Hikes on tobacco taxes are an easy sell to voters because smokers are presumed to pass their health care costs on to society, creating a negative externality that non-smokers have to pay for. The actual budgetary impact of smoking is more complicated: Smokers, by dying earlier than those who abstain, save governments a considerable amount of money. There is a lot of research to back this up, the latest coming from the Congressional Budget Office in The New England Journal of Medicine. The CBO examined a hypothetical increase in federal cigarette taxes indexed to inflation:

Outlays would be lower in that initial phase because decreases in per capita health care spending would outweigh the costs of greater longevity. From about the middle of the second decade onward, however, the effects of increased longevity would outweigh decreases in per capita health care spending, and outlays would rise; but until about the mid-2060s, that growth in outlays would be more than offset by the increase in tax revenues from higher earnings. The largest deficit reduction from the health-related effects — about 0.005% of GDP annually — would occur from about 2030 to 2035. After the mid-2060s, the deficit would be larger than otherwise because the higher outlays would outweigh the health-related revenue increase.

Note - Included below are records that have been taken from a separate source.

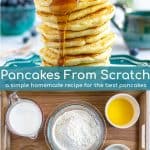 ingredient picture and picture of a stack of pancakes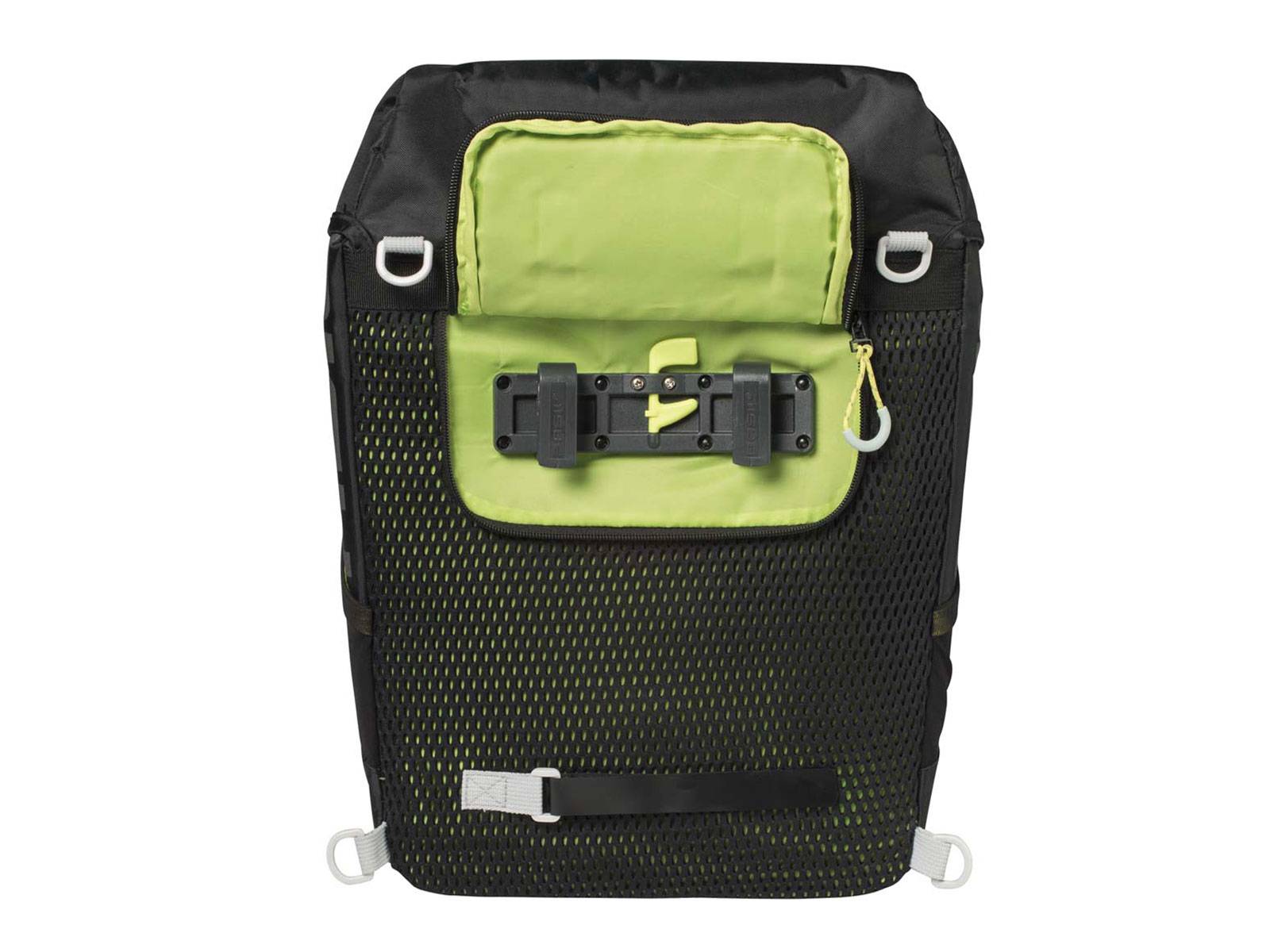 Basil fietstas rugzak Miles zwart lime - Afbeelding 2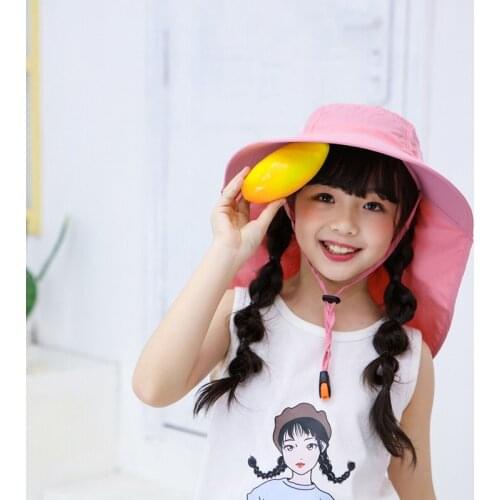 Outdoor Flap Cap With Chin Strap Children Lightweight Foldable Adjustable Sunshade Neck Cover Sun Hat Sportswear Hiking Caps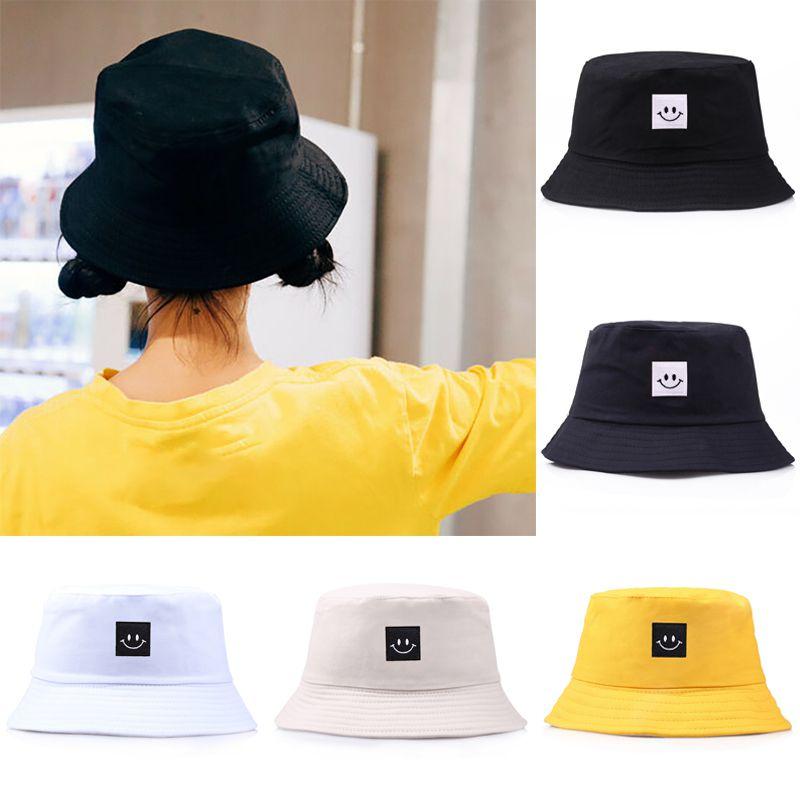 Smiley Face Patch Folding Fisherman Bucket Hat For Unisex Men And Women Outdoor Fun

Factoring in the additional excise tax revenues, the researchers project that a tax increase would nonetheless result in a very small reduction in the deficit. Absent those revenues, the federal government is made fiscally worse off by people quitting smoking or never taking it up in the first place.

Michael Siegel, who is usually good at dispassionately evaluating arguments on their merits, is furious:

The rest of the story is that it is despicable that the Congressional Budget Office believes that it is appropriate to evaluate a public health policy based on whether it might save lives and therefore increase Social Security and Medicare spending. In doing so, the CBO is borrowing a page right out of the tobacco industry’s playbook. This type of analysis would never be done for an issue such as mammography, because anyone who advanced such an argument would be raked over the coals.

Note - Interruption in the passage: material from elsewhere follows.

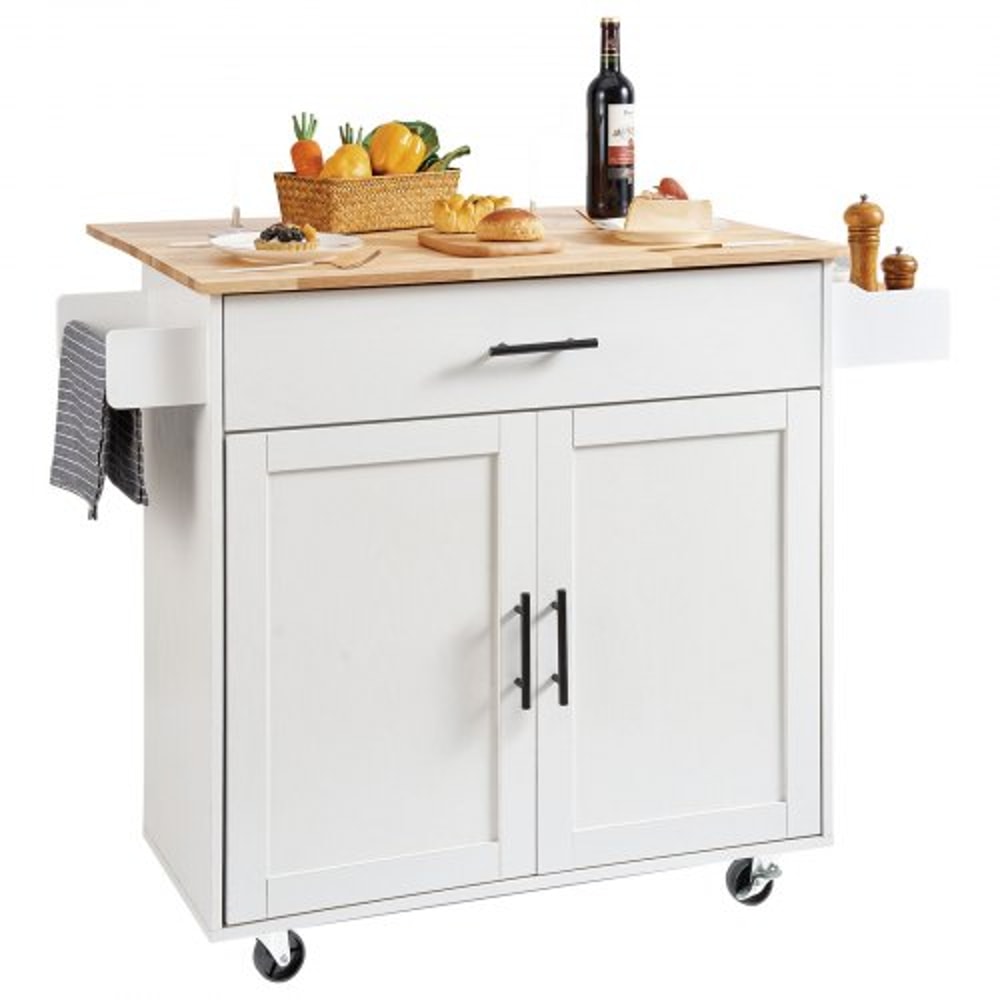 Rolling Kitchen Island Cart With Solid Wood Top Drop Leaf Storage Cabinet Locking Wheels 0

Like Philip Morris, the CBO should disavow its report and apologize for the argument it advances.

Finally, while it is shameful that the CBO has advanced this argument, it is also shameful that the journal agreed to publish this argument, thus giving it legitimacy. Both the CBO and the journal owe readers and the public an apology.

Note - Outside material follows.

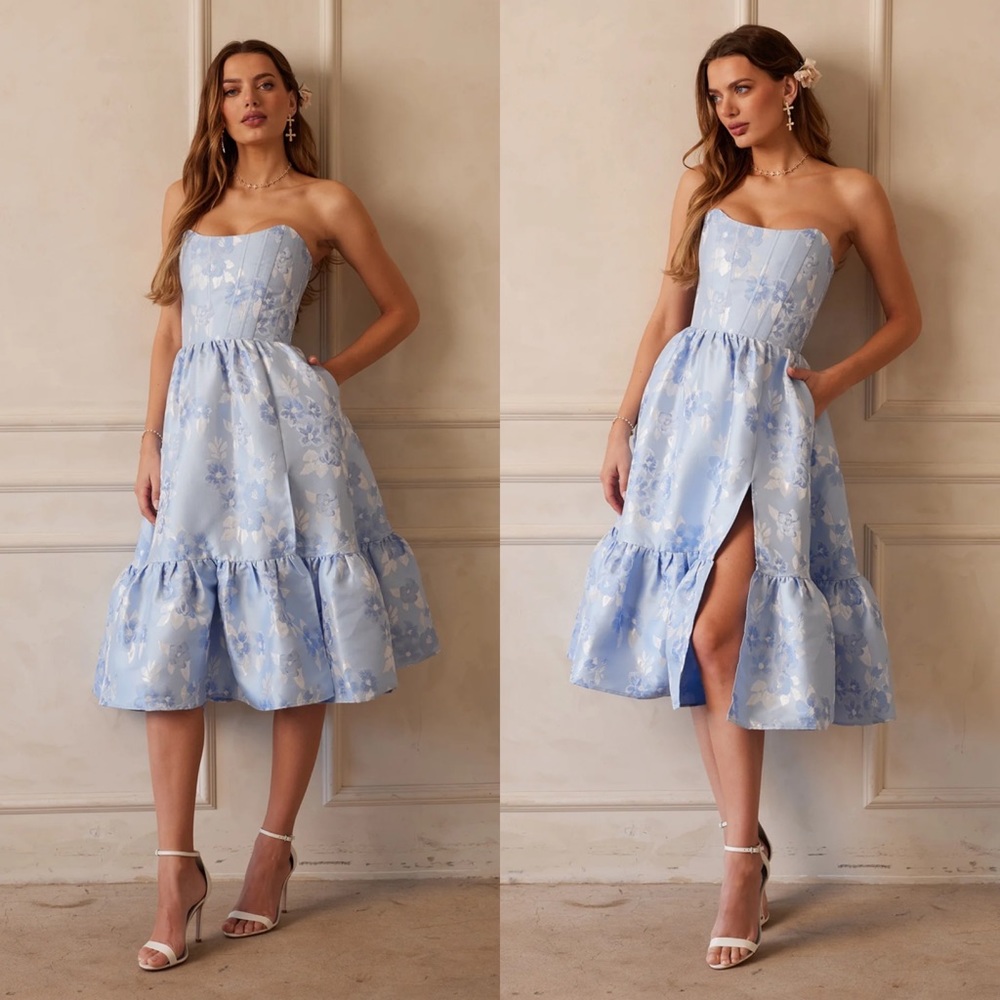 V. Chapman Virginia Chambray Blue Baroque Midi Dress Size 6 Corset Wedding Guest - Picture 13 of 13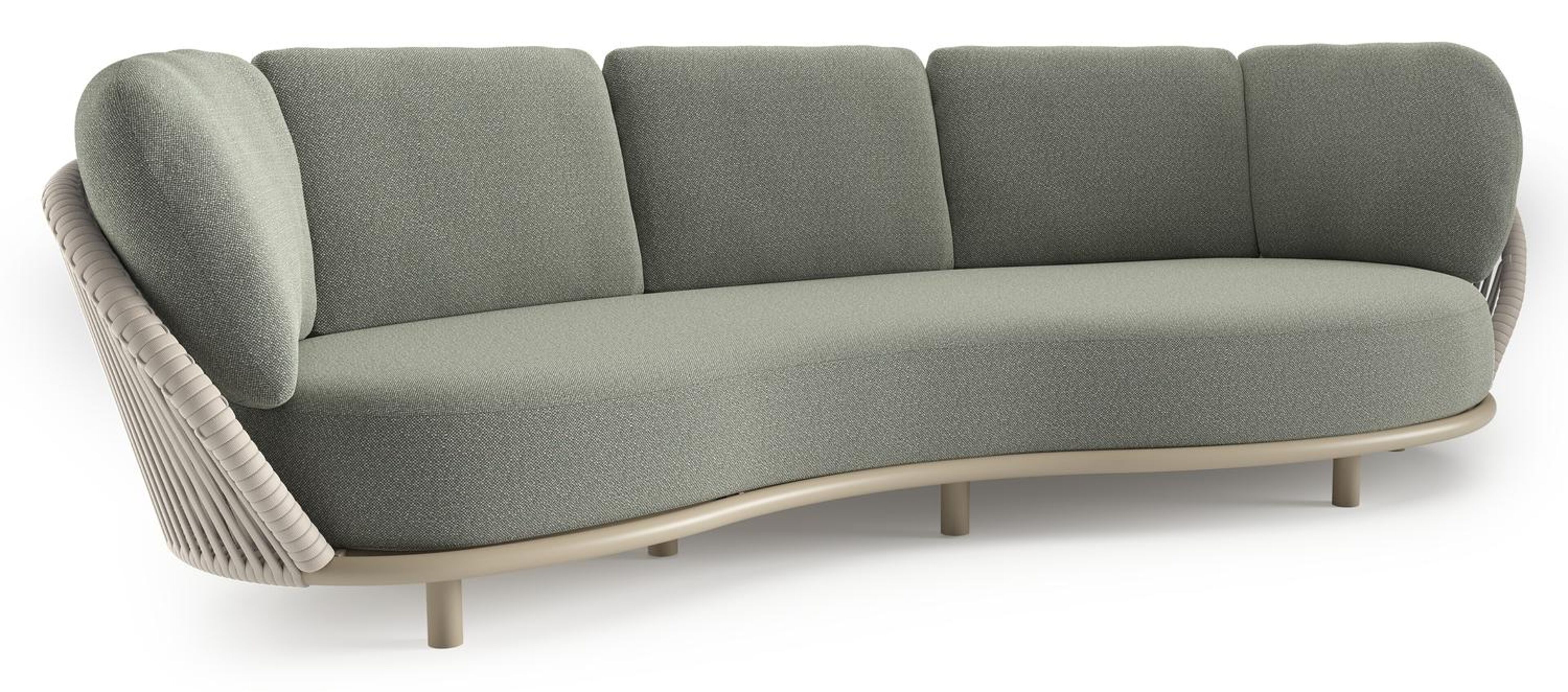 Canapé de jardin Lupino en aluminium beige et corde large plate de luxe tissée verticalement beige et coussins en all weather sunbrella® luxe savane leaf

There is an obvious difference between mammograms, which are a treatment, and taxes, which are involuntarily taken from consumers. Not everyone buys into the argument that smokers should be taxed for their own good. For many, the best case for cigarette taxes is that smokers shift health costs onto the state. The CBO study is relevant to that argument.

In any case, the CBO makes clear in its commentary that budget effects are only one factor that should be considered:

Consequences for the federal budget are only one factor that lawmakers may consider when developing policies to promote health. Others factors include effects on people’s health and well-being, views about the appropriate role of government in influencing behavior, the burdens that policies might impose on people in various circumstances, and effects on the budgets of state and local governments.

Emphasis mine. Siegel, while admirable for his advocacy against junk science in the anti-tobacco movement, often misses the mark on issues related to paternalism.